Bagi Dani Sumanjaya, perayaan Cap Go Meh di kampung pecinan Tambak Bayan, Kelurahan Alun-alun Contong, Kecamatan Bubutan, ini sekaligus merayakan keanekaragaman yang mewarnai kehidupan di kampung tempat tinggalnya itu selama lebih dari seratus tahun.

"Orang tua saya kurang lebih sudah sekitar 110 tahun tinggal di kampung ini. Selama itu pula warga keturunan China di sini sudah berbaur dengan warga dari berbagai suku lainnya yang tinggal di sini," ucap Dani, yang menjadi koordinator warga Tambak Bayan dalam peryaan Cap Go Meh bersama tahun ini.

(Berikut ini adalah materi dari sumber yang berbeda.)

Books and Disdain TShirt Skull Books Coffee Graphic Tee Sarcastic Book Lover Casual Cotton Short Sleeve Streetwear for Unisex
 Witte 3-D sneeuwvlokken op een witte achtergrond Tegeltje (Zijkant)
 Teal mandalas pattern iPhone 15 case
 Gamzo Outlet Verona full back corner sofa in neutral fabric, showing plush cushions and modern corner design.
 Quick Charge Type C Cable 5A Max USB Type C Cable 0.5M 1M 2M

Menurut dia, biasanya, pada tahun-tahun sebelumnya, acara Cap Go Meh dirayakan sendiri-sendiri di rumah-rumah dan tempat persembahyangan milik masing-masing warga. Dani merasa saat ini momennya sangat tepat untuk merayakan kebhinekaan bersama-sama bertepatan dengan perayaan Cap Go Meh di Kampung Pecinan Tambak Bayan.

"Nuansanya di sini memang Bhineka. Sudah lama kita berbaur dengan berbagai suku yang ada di sini. Kalau bisa kedepannya kita pakai terus untuk acara-acara bernuansa Bhineka," imbuhnya.

Dani menggambarkan, suasana kebhinekaan di Kampung Tambak Bayan tak hanya sekadar hidup rukun bertetangga dengan berbagai suku yang juga sama-sama tinggal di sana, melainkan tak sedikit warga dari berbagai suku itu kemudian saling mengikat dengan tali pernikahan.

Dia mencontohkan, orangtuanya sendiri adalah hasil pernikahan dari etnis campuran. "Mama saya adalah orang Kraton Solo, sedangkan papa saya orang Cina Kanton," ungkapnya.

Selain itu, warga keturunan China Tambak Bayan juga tak sedikit yang menikah dengan orang Madura, selain juga menikah dengan orang Jawa dan Sunda. "Sudah lumrah di kampung sini pernikahan antas suku seperti ini. Warga keturunan China di sini tidak kolot, dalam artian tidak menutup diri. Kita saling terbuka," imbuhnya.

Hampir Tergusur
Ketua RT 2, RW 2, Kelurahan Alun-alun Contong, Kecamatan Bubutan, Surabaya, Suseno Karja, menambahkan, acara Cap Go Meh yang dirayakan bersama seluruh warga pecinan Tambak Bayan tahun ini tak lain berkat bantuan rekan-rekan aktivis di Surabaya.

"Para aktivis ini sudah membantu kita sejak mereka masih mahasiswa. Ya, mereka membantu untuk mempertahankan keberadaan kampung Tambak Bayan yang pluralis ini ketika kita sedang berkonflik dengan Hotel V3 (Vini Vidi Vice) terkait perebutan lahan ini," katanya.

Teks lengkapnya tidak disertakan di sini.